** GIVEN DATA follows **

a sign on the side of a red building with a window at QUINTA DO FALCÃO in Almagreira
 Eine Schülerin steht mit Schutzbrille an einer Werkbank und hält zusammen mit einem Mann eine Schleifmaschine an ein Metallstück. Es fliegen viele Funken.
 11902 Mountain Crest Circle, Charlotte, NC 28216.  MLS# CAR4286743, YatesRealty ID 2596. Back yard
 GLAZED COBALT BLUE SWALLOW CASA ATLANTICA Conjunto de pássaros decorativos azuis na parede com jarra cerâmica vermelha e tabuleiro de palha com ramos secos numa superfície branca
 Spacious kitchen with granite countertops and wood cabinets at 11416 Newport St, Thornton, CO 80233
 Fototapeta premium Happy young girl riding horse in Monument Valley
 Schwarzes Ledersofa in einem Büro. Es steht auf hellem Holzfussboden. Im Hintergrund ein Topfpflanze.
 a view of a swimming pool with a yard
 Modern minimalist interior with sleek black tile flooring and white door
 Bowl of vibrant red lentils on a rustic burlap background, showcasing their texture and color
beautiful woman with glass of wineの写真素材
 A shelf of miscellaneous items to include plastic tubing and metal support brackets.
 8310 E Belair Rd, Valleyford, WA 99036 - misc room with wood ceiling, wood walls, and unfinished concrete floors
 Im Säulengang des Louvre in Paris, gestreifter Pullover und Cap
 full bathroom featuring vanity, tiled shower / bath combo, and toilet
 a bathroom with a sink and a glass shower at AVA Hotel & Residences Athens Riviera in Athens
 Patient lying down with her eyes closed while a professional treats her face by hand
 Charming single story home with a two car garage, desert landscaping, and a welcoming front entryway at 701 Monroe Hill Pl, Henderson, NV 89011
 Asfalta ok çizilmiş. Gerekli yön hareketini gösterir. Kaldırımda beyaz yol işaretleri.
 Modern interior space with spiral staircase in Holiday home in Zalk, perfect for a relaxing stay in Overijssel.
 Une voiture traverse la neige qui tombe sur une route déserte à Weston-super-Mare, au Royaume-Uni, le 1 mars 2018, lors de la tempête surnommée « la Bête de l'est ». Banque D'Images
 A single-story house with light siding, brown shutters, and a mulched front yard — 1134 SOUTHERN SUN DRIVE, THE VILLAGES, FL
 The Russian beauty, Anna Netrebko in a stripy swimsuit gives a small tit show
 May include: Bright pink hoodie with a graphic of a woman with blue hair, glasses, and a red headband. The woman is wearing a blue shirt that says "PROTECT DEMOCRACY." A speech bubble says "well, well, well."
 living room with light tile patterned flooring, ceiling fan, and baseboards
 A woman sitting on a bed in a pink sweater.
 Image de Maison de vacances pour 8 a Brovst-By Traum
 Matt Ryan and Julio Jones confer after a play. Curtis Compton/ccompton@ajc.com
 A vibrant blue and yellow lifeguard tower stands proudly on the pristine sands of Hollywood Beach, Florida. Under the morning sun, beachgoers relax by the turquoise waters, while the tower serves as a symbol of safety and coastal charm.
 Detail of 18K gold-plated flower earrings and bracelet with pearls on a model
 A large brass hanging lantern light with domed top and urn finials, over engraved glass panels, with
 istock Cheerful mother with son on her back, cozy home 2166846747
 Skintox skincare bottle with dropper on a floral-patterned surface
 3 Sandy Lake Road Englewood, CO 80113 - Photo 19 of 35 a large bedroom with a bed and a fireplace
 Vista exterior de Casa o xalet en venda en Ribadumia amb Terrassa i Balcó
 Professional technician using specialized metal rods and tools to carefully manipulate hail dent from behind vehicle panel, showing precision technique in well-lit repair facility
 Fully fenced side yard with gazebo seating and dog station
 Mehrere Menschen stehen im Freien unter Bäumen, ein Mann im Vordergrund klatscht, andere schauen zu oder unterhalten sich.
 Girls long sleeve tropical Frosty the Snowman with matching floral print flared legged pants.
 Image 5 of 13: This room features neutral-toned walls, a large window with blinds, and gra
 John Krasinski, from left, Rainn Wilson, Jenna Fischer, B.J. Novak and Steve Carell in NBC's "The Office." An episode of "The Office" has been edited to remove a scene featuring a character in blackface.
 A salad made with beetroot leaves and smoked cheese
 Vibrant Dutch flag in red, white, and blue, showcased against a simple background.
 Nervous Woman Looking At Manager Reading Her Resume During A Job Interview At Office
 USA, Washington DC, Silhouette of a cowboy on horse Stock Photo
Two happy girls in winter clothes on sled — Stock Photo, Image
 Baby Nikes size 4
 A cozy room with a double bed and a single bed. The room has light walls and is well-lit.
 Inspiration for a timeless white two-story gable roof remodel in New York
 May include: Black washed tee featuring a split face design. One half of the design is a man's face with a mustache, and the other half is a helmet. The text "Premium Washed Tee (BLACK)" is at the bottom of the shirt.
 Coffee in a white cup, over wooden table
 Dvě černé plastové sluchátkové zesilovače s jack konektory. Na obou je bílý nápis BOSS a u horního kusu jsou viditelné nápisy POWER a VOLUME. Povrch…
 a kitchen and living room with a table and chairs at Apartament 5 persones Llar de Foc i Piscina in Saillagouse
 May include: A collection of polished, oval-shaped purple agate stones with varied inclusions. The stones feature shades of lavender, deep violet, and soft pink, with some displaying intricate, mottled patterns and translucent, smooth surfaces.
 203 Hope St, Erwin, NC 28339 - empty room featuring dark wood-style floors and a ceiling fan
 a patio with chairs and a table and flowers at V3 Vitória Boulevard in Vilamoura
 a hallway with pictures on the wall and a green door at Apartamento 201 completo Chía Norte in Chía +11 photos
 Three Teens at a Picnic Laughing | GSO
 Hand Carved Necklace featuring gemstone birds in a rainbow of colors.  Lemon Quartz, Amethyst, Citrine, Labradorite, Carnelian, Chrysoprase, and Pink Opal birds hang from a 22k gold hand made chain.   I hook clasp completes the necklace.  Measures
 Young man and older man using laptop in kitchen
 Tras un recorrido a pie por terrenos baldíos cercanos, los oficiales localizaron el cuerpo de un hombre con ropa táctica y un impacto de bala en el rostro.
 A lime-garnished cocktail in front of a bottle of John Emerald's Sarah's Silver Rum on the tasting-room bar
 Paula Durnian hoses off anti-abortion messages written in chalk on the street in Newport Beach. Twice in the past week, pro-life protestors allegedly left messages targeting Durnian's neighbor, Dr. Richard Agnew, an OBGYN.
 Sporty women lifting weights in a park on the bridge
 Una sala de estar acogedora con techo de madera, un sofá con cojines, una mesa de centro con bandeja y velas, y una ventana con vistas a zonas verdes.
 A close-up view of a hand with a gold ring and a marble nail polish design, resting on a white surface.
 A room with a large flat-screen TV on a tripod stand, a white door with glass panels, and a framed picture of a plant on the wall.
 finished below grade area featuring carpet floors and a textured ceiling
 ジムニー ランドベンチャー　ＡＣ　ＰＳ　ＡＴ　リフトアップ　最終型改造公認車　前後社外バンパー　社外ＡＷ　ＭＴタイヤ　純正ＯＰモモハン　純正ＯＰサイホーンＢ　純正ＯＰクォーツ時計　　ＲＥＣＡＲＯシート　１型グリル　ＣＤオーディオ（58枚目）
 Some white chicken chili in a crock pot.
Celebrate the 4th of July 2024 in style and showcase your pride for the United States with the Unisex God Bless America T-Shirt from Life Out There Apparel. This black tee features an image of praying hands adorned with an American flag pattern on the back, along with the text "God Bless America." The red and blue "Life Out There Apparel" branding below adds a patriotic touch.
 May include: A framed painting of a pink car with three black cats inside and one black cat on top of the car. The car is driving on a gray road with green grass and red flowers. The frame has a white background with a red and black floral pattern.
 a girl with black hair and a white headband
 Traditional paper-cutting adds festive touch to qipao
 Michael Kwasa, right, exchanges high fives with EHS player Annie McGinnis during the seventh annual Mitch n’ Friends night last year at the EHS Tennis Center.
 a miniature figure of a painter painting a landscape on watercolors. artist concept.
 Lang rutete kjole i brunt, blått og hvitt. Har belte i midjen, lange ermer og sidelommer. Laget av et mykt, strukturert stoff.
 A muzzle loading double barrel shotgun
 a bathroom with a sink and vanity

** End of GIVEN DATA **

EXERCISE GOAL: If a line falls between the first line of the records and the line containing "Bowl of vibrant", inclusive, repeat it exactly; leave out all others.

RESULT FOR THIS TASK:
a sign on the side of a red building with a window at QUINTA DO FALCÃO in Almagreira
 Eine Schülerin steht mit Schutzbrille an einer Werkbank und hält zusammen mit einem Mann eine Schleifmaschine an ein Metallstück. Es fliegen viele Funken.
 11902 Mountain Crest Circle, Charlotte, NC 28216.  MLS# CAR4286743, YatesRealty ID 2596. Back yard
 GLAZED COBALT BLUE SWALLOW CASA ATLANTICA Conjunto de pássaros decorativos azuis na parede com jarra cerâmica vermelha e tabuleiro de palha com ramos secos numa superfície branca
 Spacious kitchen with granite countertops and wood cabinets at 11416 Newport St, Thornton, CO 80233
 Fototapeta premium Happy young girl riding horse in Monument Valley
 Schwarzes Ledersofa in einem Büro. Es steht auf hellem Holzfussboden. Im Hintergrund ein Topfpflanze.
 a view of a swimming pool with a yard
 Modern minimalist interior with sleek black tile flooring and white door
 Bowl of vibrant red lentils on a rustic burlap background, showcasing their texture and color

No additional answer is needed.